** Directions for this task **
No pictures go in the copy. Restate, word for word, each line from the one containing "Smiling Medical Professionals" through the last line below.

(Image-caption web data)
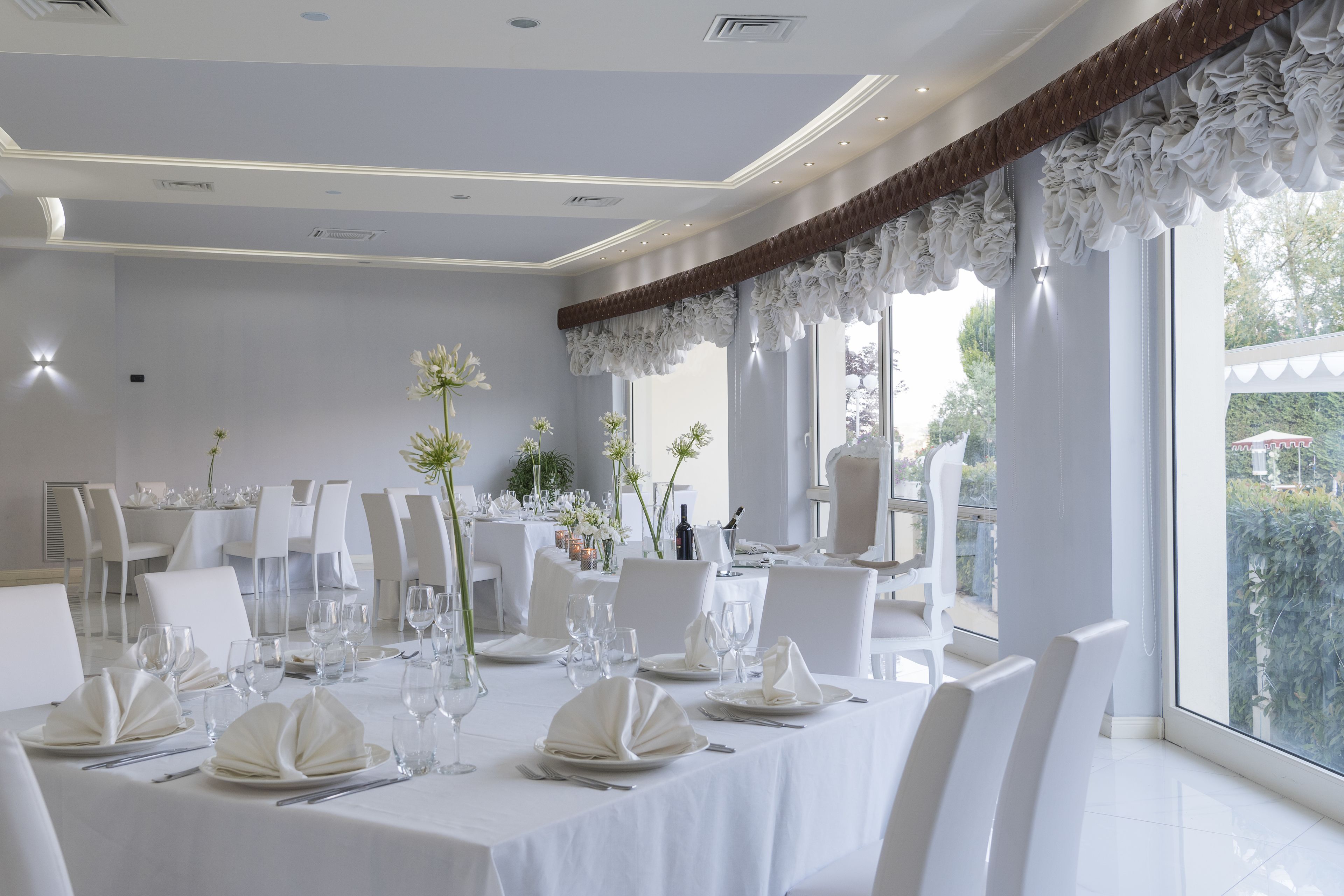 Un espace repas avec une décoration de table blanche, comprenant des assiettes, des verres et des couverts.
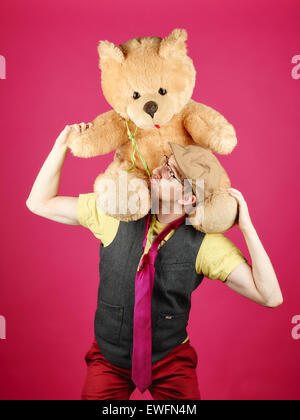 Expressive Hipster trägt eine Weste und rosa Krawatte und hält er Teddy-Bär, rosa Hintergrund und Studio gedreht Stockfoto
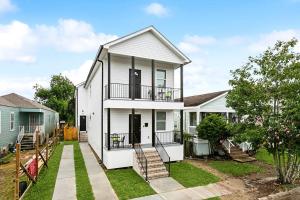 a white house with a staircase in the front yard at Elegant 5-Bedroom NOLA Getaway in New Orleans
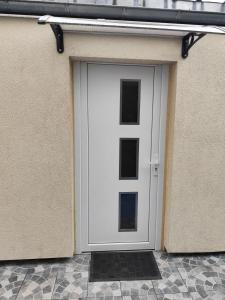 a white door on the side of a building at Charmant Studio indépendant in Louvres
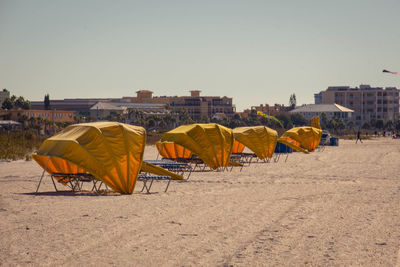 Umbrellas on sand against clear sky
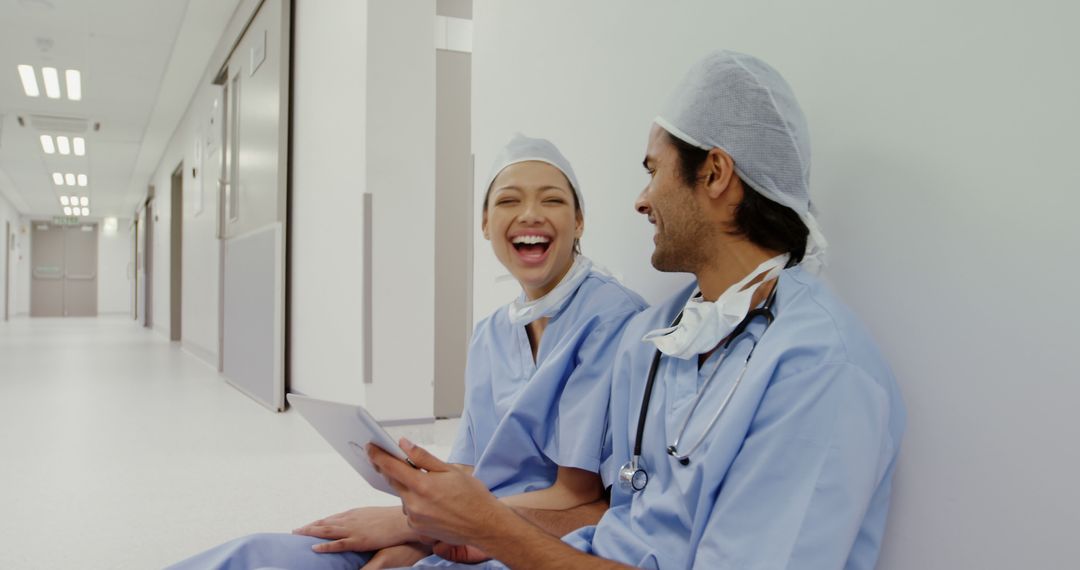 Smiling Medical Professionals Taking a Break in Hospital Corridor - Free Images, Stock Photos and Pictures on Pikwizard.com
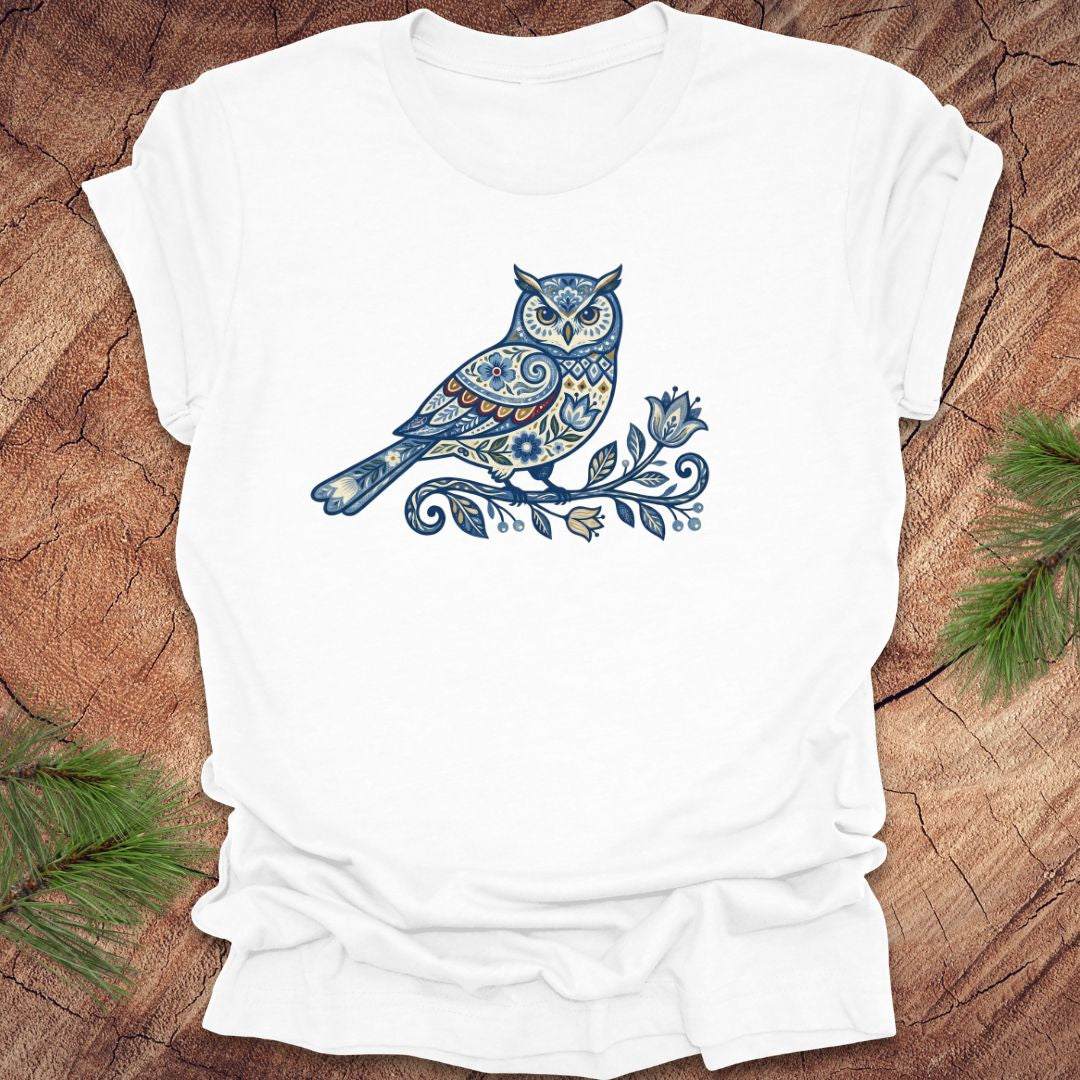 White t-shirt with a blue folk art floral owl design on a wooden surface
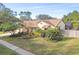 Aerial view of single story house with well-manicured lawn at 14031 Shady Shores Dr, Tampa, FL 33613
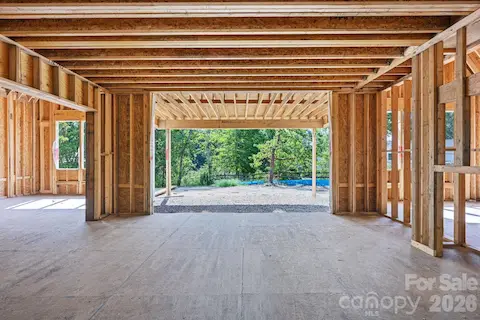 Living Room opens on to large covered porch with fireplace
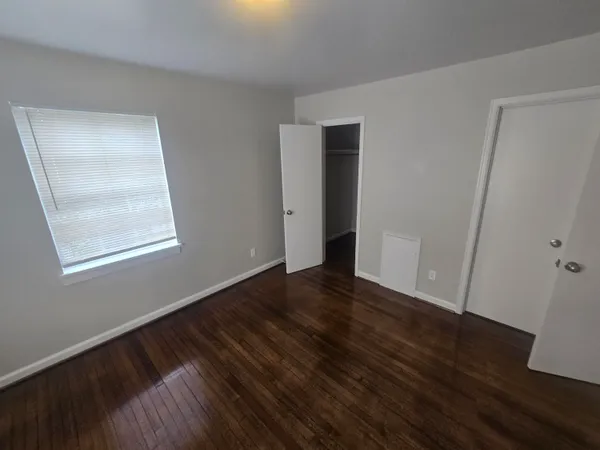 a view of an empty room with wooden floor and a window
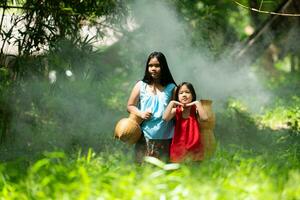 Two girls Asian women with traditional clothing stand in the rainforest. They had fun playing together before assisting Grandpa in catching fish in a nearby lake. photo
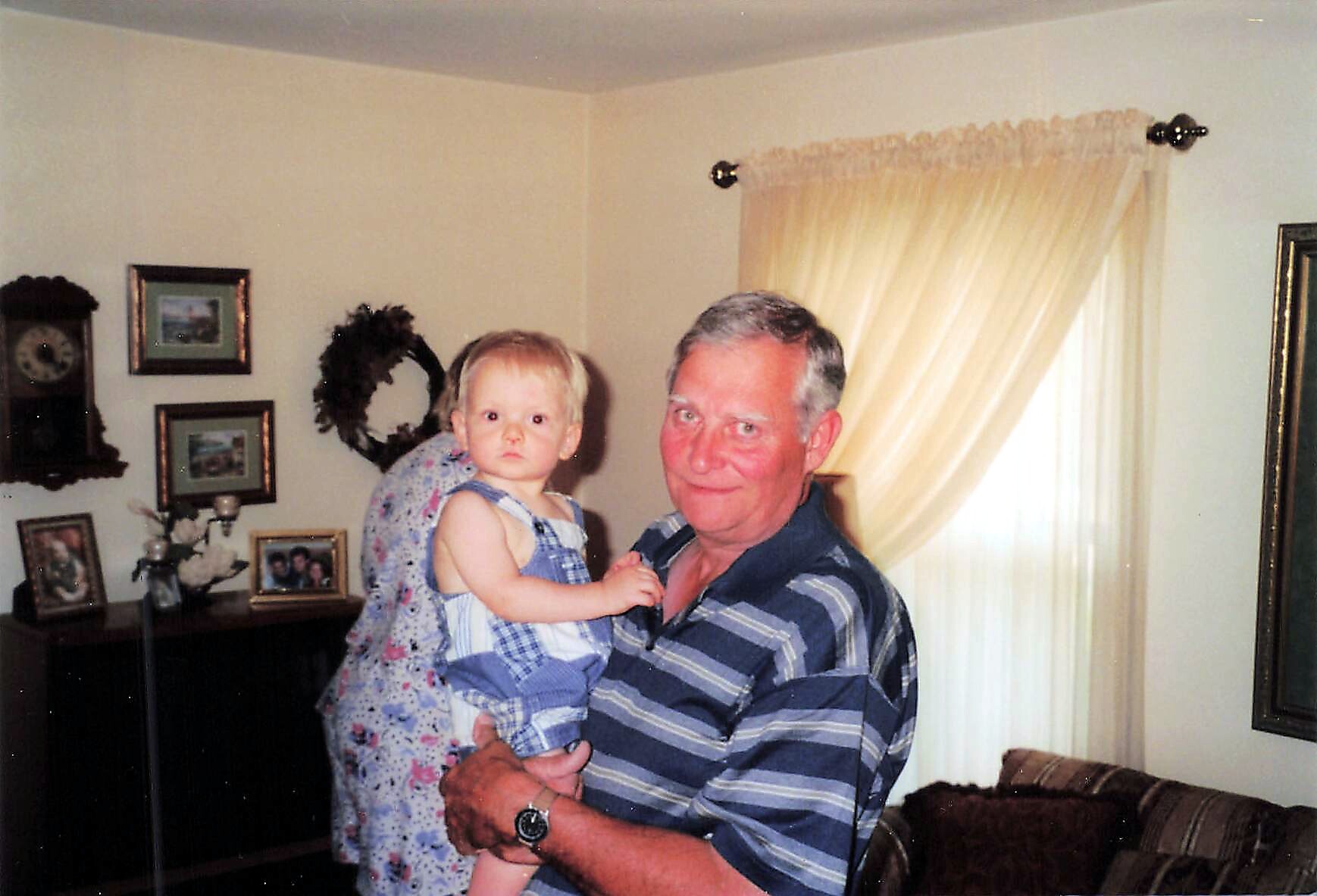 Grandfather holding a young blonde baby girl in a cozy living room with family photos on the wall behind them.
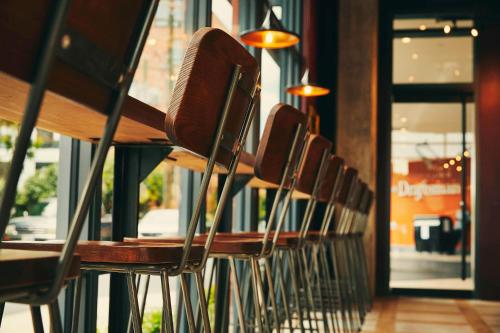 a row of chairs lined up in a restaurant at The Draftsman, Autograph Collection in Charlottesville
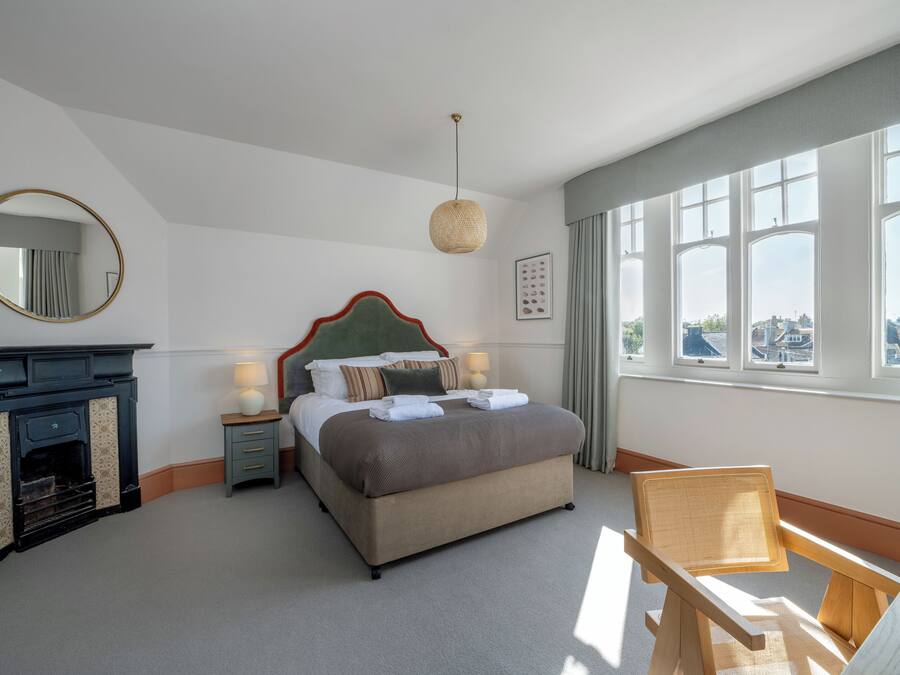 A neatly arranged bedroom with a bed, a small table with a lamp, a chair, a fireplace, and large windows offering a city view.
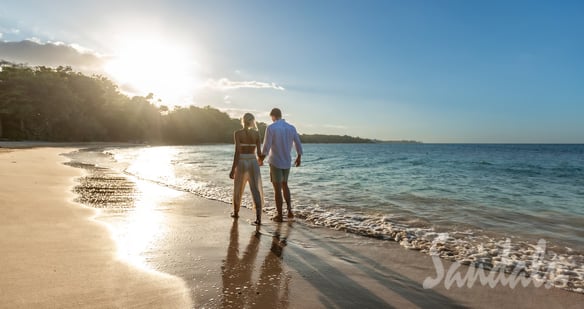 Coastal Vibe Travel - Sandals Honeymoons - a couple holding hands and walking on the beach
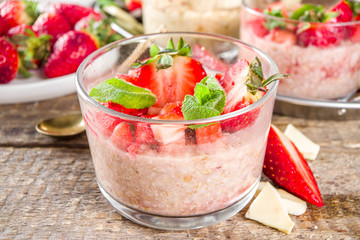 Set various fruit overnight oatmeal. Oats porridge with strawberry, bananas, chocolate, nuts in small portion jars. Summer breakfast oatmeal. Healthy vegan diet snack.
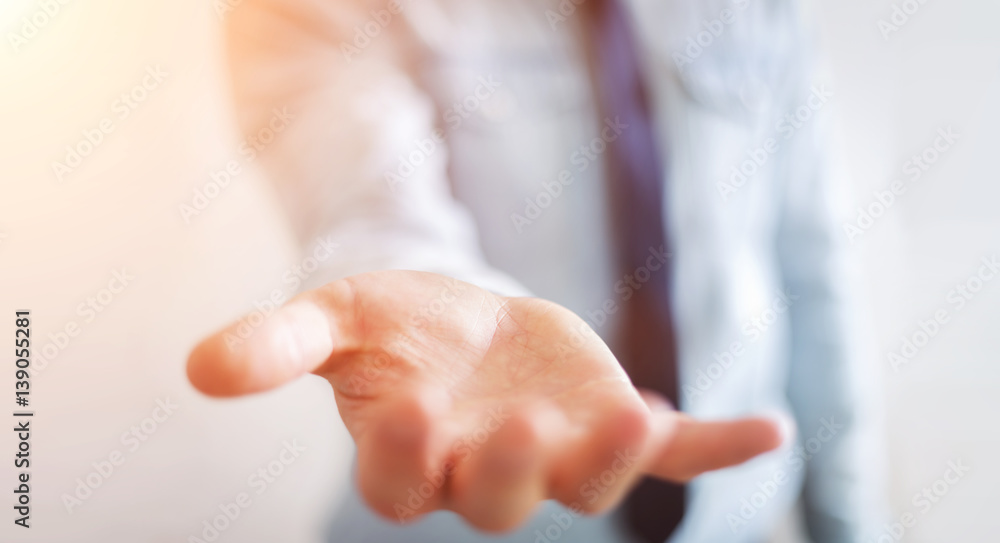 Businessman showing his empty hand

** Written response **
 Smiling Medical Professionals Taking a Break in Hospital Corridor - Free Images, Stock Photos and Pictures on Pikwizard.com
 White t-shirt with a blue folk art floral owl design on a wooden surface
 Aerial view of single story house with well-manicured lawn at 14031 Shady Shores Dr, Tampa, FL 33613
 Living Room opens on to large covered porch with fireplace
 a view of an empty room with wooden floor and a window
 Two girls Asian women with traditional clothing stand in the rainforest. They had fun playing together before assisting Grandpa in catching fish in a nearby lake. photo
 Grandfather holding a young blonde baby girl in a cozy living room with family photos on the wall behind them.
 a row of chairs lined up in a restaurant at The Draftsman, Autograph Collection in Charlottesville
 A neatly arranged bedroom with a bed, a small table with a lamp, a chair, a fireplace, and large windows offering a city view.
 Coastal Vibe Travel - Sandals Honeymoons - a couple holding hands and walking on the beach
 Set various fruit overnight oatmeal. Oats porridge with strawberry, bananas, chocolate, nuts in small portion jars. Summer breakfast oatmeal. Healthy vegan diet snack.
 Businessman showing his empty hand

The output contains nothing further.